• What to do:
Write out the following listing's lines from the one with "El cooksnap de" to the one with "Knotenbluse Lila von Mieke SHOEBY WOMEN", exactly, with both included and no others.

• Material supplied:
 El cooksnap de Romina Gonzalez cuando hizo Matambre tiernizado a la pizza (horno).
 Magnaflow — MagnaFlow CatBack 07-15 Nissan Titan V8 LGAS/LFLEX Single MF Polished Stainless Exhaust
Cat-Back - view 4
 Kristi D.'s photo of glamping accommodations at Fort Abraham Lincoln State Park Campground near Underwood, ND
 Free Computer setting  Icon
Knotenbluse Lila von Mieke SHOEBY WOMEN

...

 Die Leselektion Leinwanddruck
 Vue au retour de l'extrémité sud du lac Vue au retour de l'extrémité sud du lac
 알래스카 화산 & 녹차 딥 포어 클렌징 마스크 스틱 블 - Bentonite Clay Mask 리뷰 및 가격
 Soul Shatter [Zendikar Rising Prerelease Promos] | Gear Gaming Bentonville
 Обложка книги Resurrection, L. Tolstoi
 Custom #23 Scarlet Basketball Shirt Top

--

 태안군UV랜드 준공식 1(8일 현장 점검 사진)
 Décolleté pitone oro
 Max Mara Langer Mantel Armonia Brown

• Output:
 El cooksnap de Romina Gonzalez cuando hizo Matambre tiernizado a la pizza (horno).
 Magnaflow — MagnaFlow CatBack 07-15 Nissan Titan V8 LGAS/LFLEX Single MF Polished Stainless Exhaust
Cat-Back - view 4
 Kristi D.'s photo of glamping accommodations at Fort Abraham Lincoln State Park Campground near Underwood, ND
 Free Computer setting  Icon
Knotenbluse Lila von Mieke SHOEBY WOMEN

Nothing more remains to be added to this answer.